GIVEN INFORMATION
-=-=-=-=-

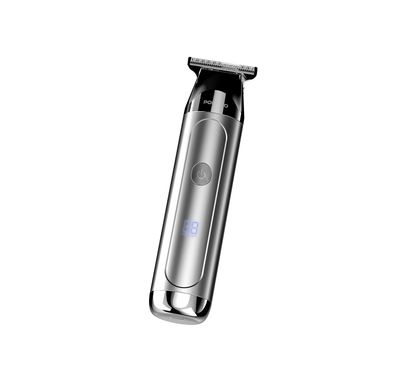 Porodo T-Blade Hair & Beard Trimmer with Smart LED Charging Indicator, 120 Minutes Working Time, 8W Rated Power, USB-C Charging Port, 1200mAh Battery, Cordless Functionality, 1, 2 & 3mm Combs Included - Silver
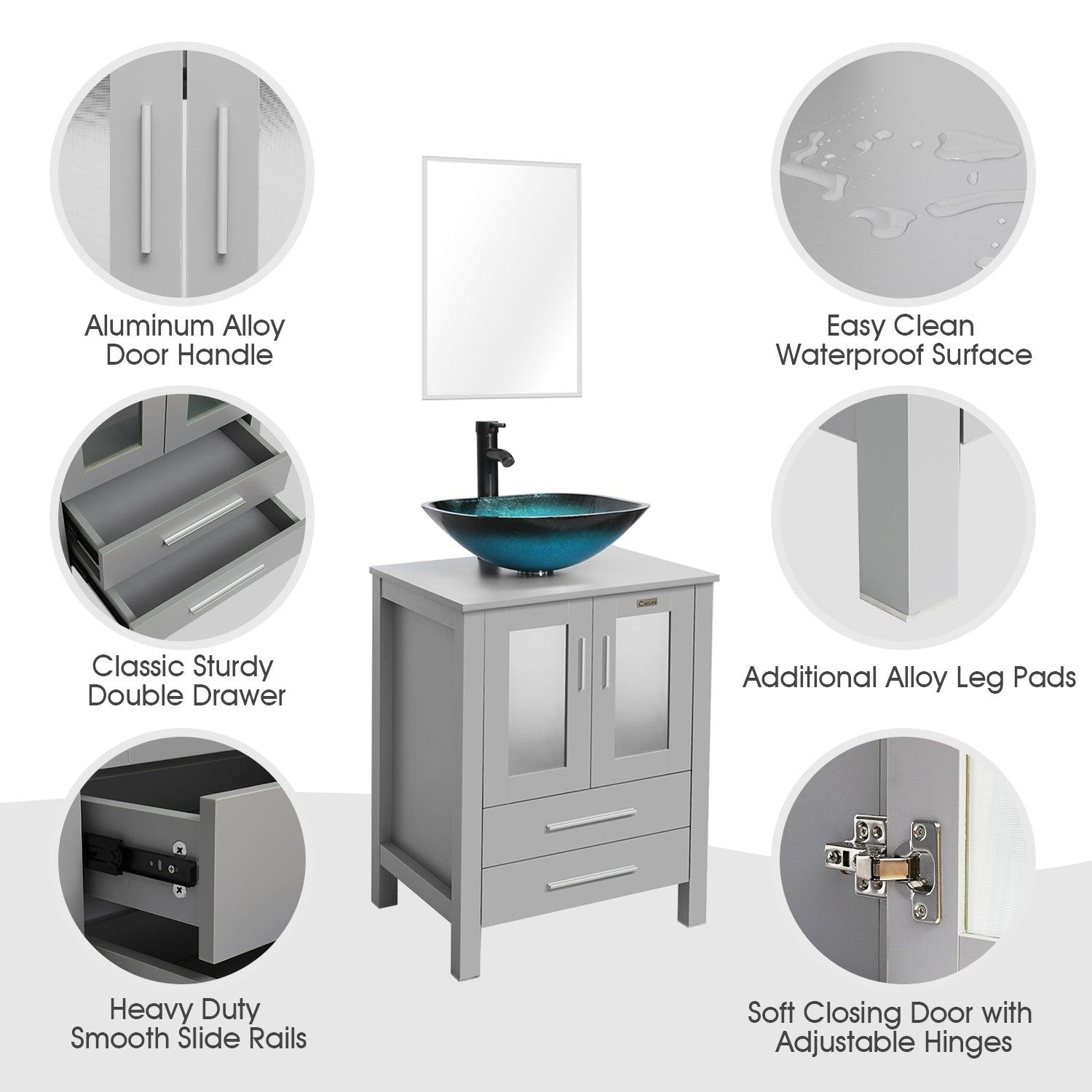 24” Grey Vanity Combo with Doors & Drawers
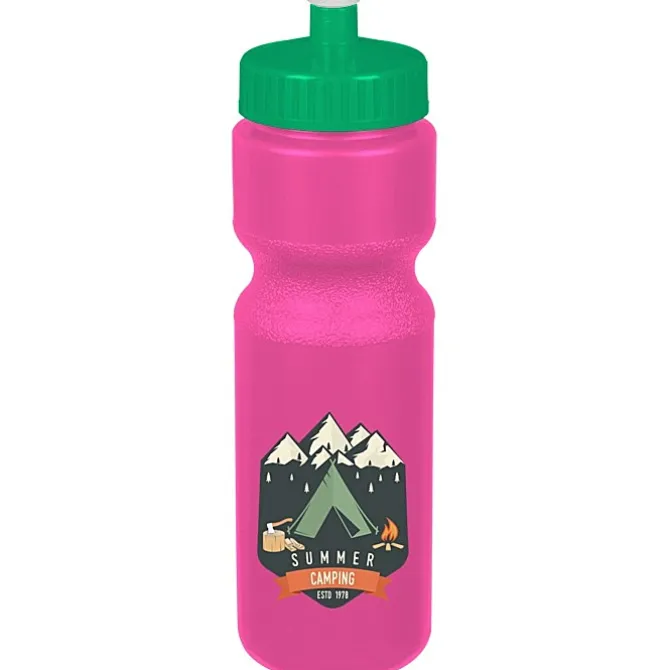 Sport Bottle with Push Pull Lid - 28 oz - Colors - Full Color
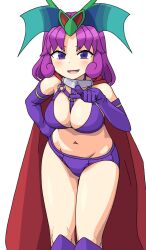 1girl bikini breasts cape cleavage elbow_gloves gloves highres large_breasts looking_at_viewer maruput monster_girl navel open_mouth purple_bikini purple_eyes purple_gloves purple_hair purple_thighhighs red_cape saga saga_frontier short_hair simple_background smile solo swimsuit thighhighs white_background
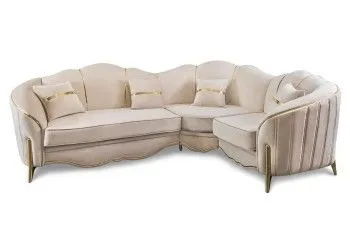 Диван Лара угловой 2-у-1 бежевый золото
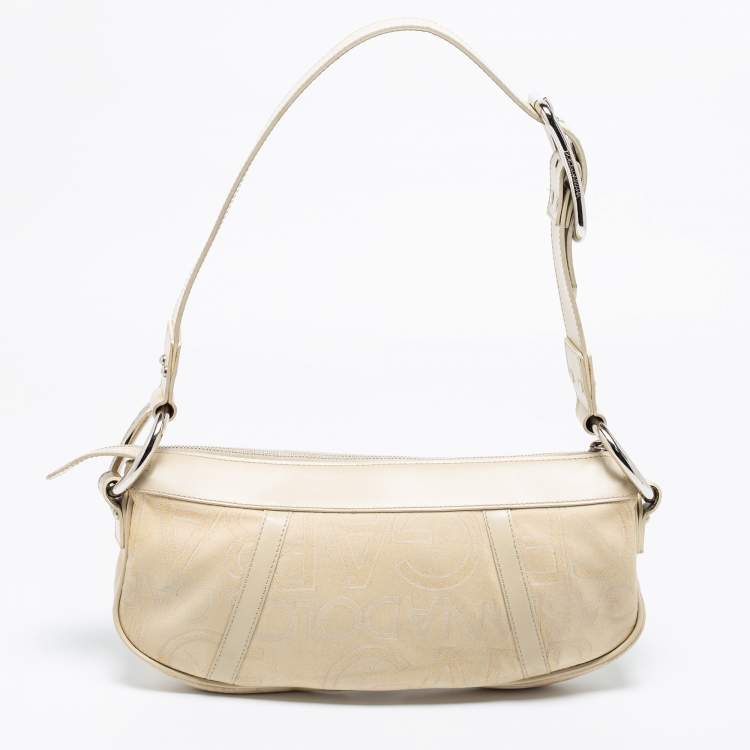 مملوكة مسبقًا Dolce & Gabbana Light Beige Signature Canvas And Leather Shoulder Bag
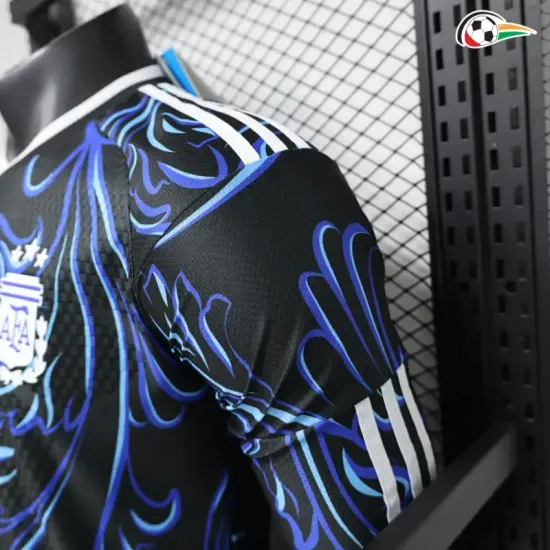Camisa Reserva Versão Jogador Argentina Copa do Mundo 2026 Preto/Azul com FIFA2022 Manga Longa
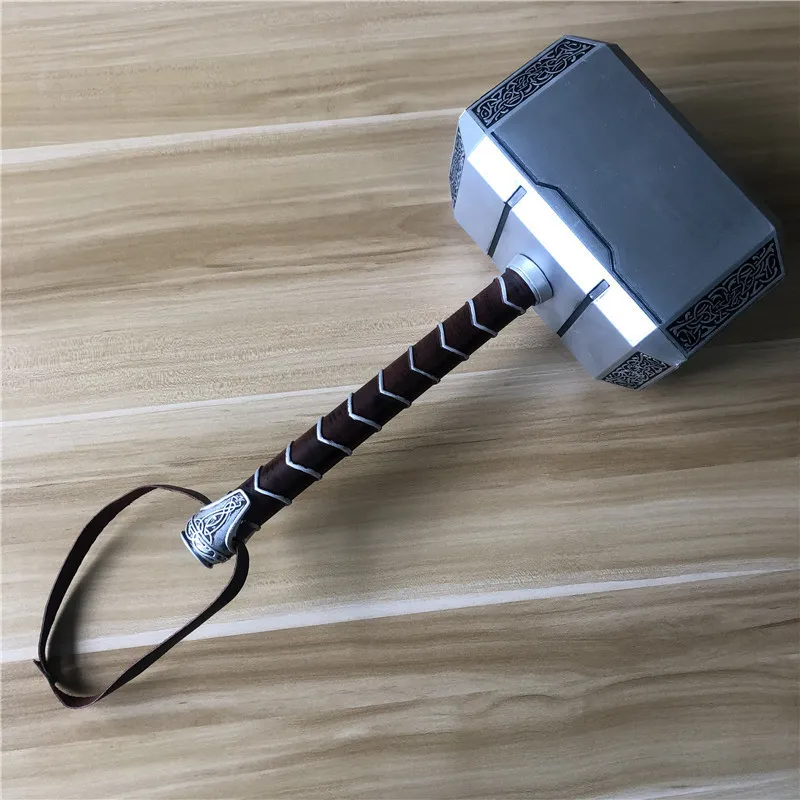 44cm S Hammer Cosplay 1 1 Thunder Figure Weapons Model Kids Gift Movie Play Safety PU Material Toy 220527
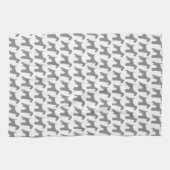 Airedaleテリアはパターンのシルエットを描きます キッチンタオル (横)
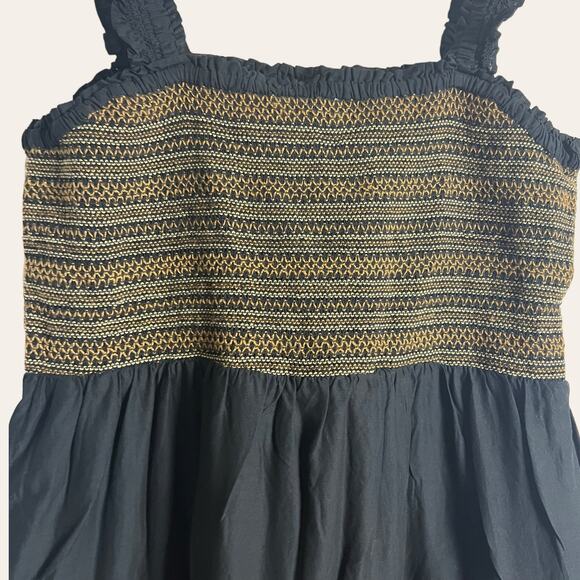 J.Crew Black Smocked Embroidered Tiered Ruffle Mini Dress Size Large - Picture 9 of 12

-=-=-=-=-

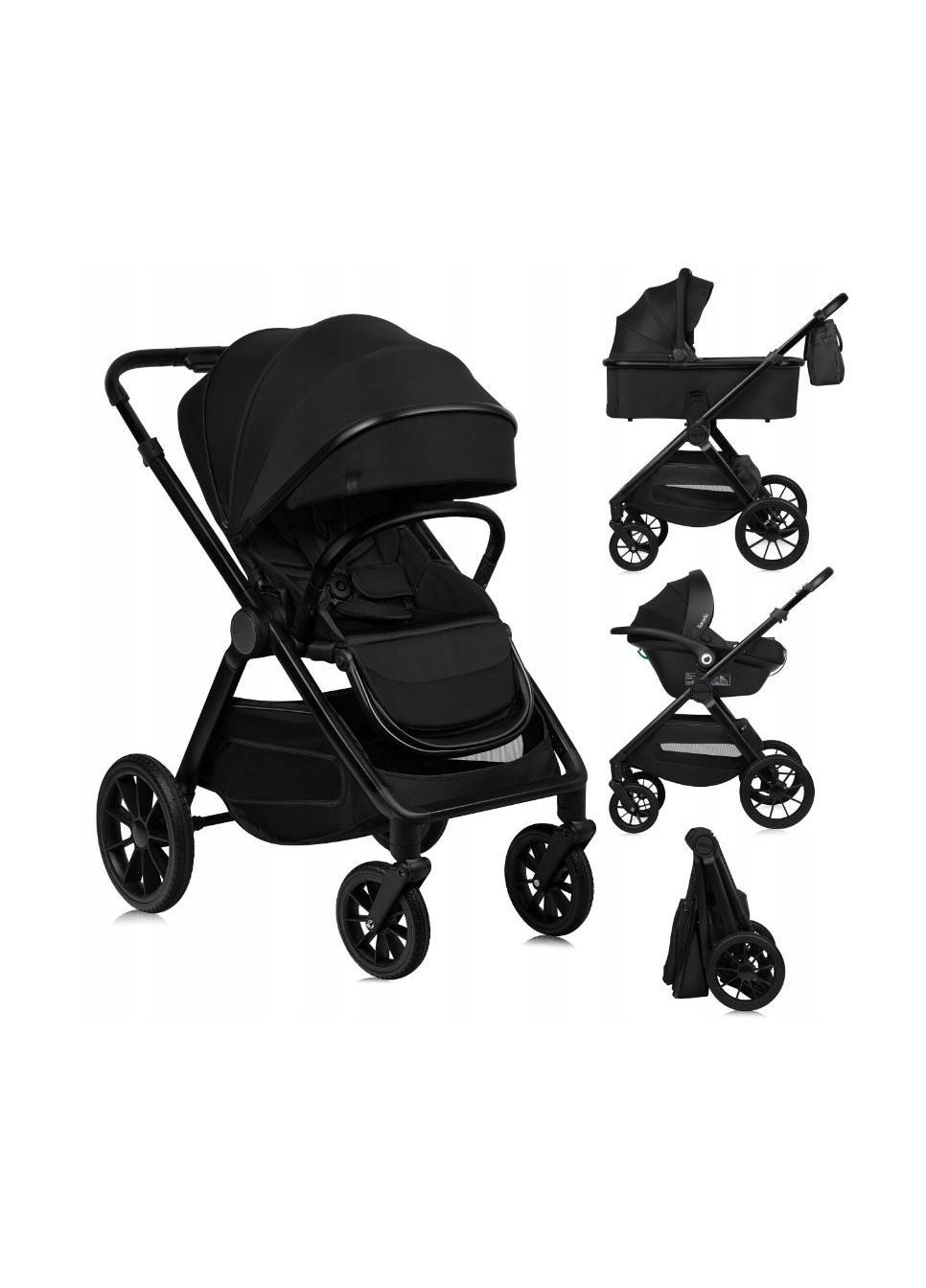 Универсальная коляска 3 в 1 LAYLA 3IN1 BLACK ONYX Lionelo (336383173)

-=-=-=-=-

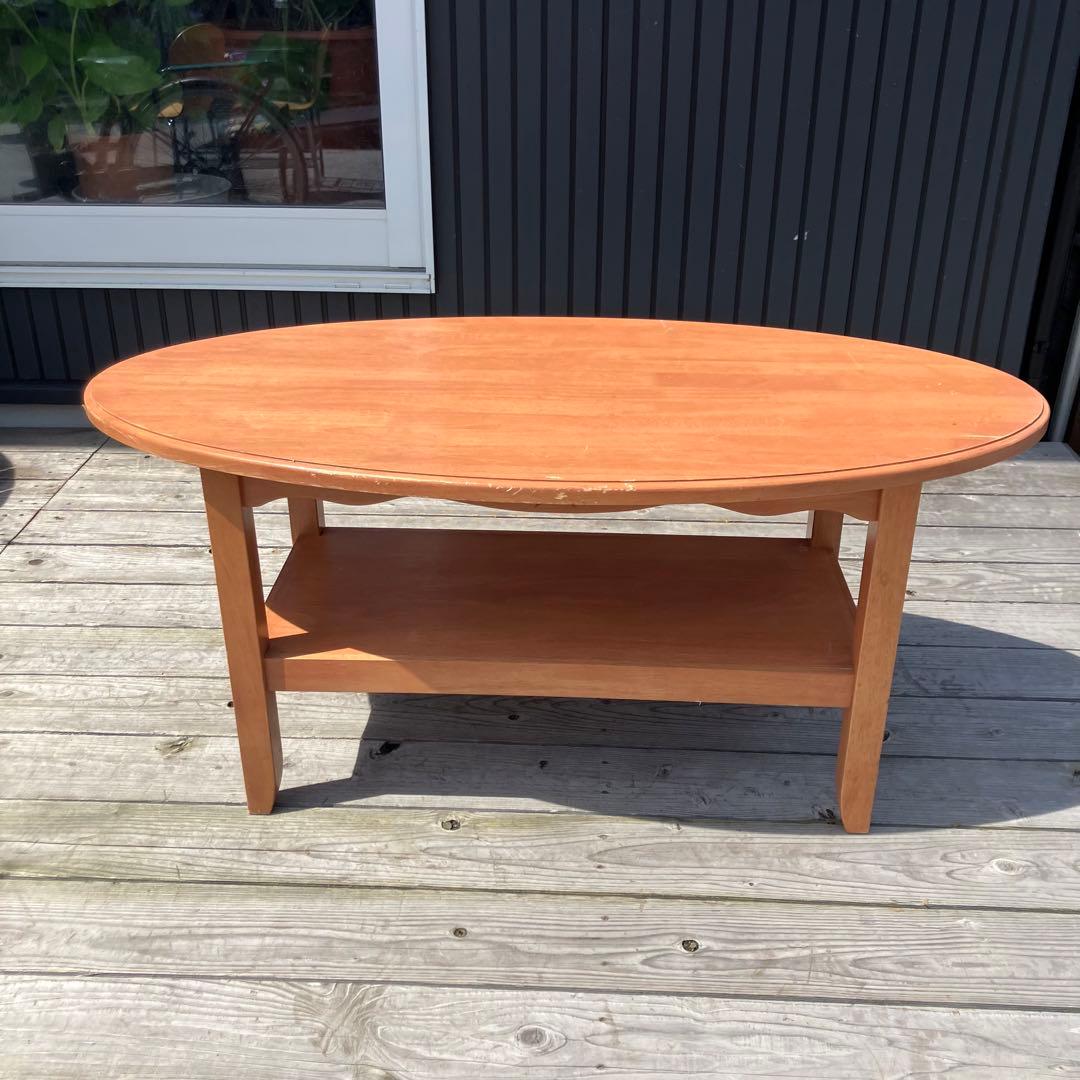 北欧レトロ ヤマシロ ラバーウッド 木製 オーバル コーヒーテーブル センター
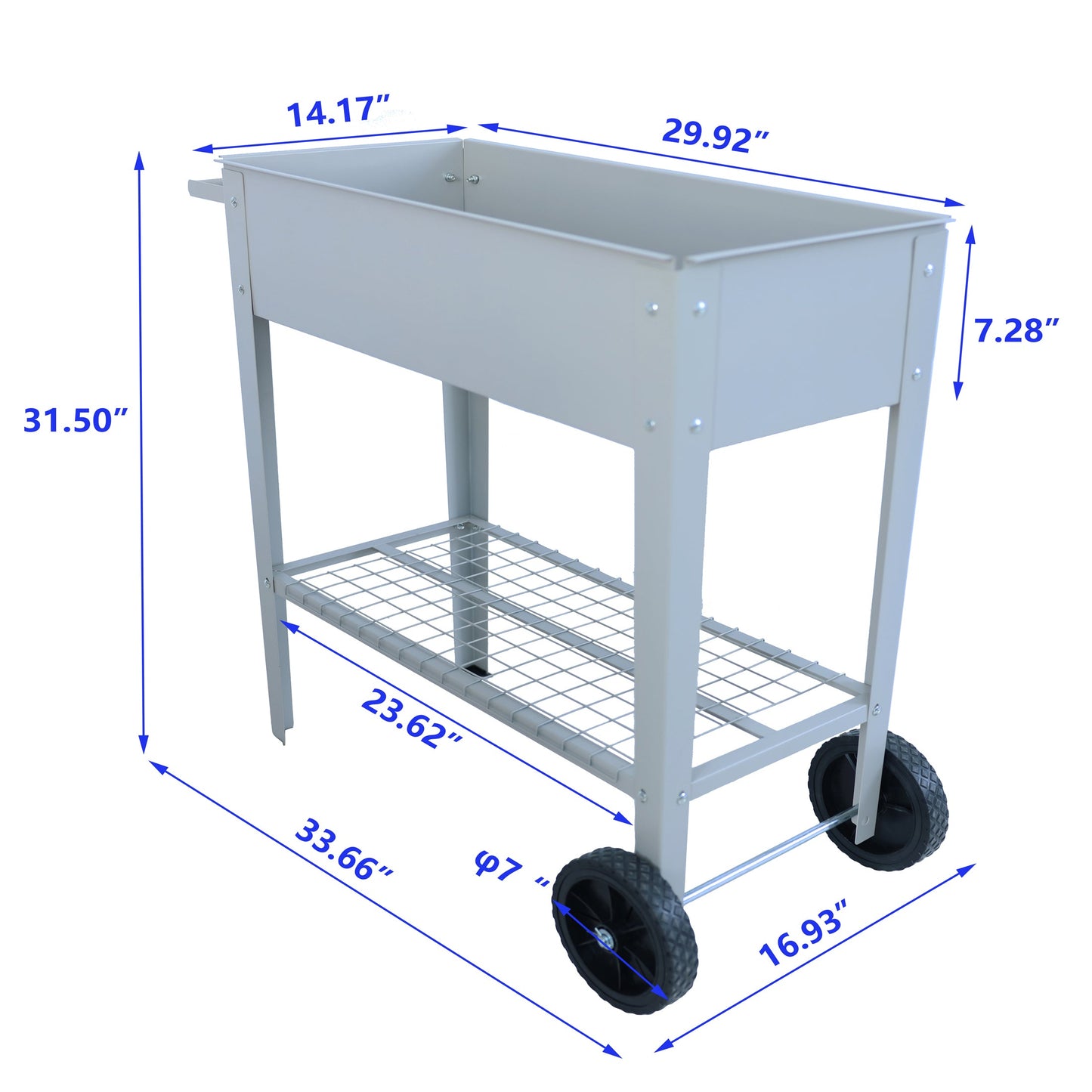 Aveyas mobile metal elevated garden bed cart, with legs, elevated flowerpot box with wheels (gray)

-=-=-=-=-

WHAT THE TASK ASKS
Write out word for word the lines above that run from the one with "Диван Лара угловой 2-у-1 бежевый золото" to the one with "J.Crew Black Smocked". Include both end lines; exclude the images.

ANSWER TO THE PROBLEM
 Диван Лара угловой 2-у-1 бежевый золото
 مملوكة مسبقًا Dolce & Gabbana Light Beige Signature Canvas And Leather Shoulder Bag
Camisa Reserva Versão Jogador Argentina Copa do Mundo 2026 Preto/Azul com FIFA2022 Manga Longa
 44cm S Hammer Cosplay 1 1 Thunder Figure Weapons Model Kids Gift Movie Play Safety PU Material Toy 220527
 Airedaleテリアはパターンのシルエットを描きます キッチンタオル (横)
 J.Crew Black Smocked Embroidered Tiered Ruffle Mini Dress Size Large - Picture 9 of 12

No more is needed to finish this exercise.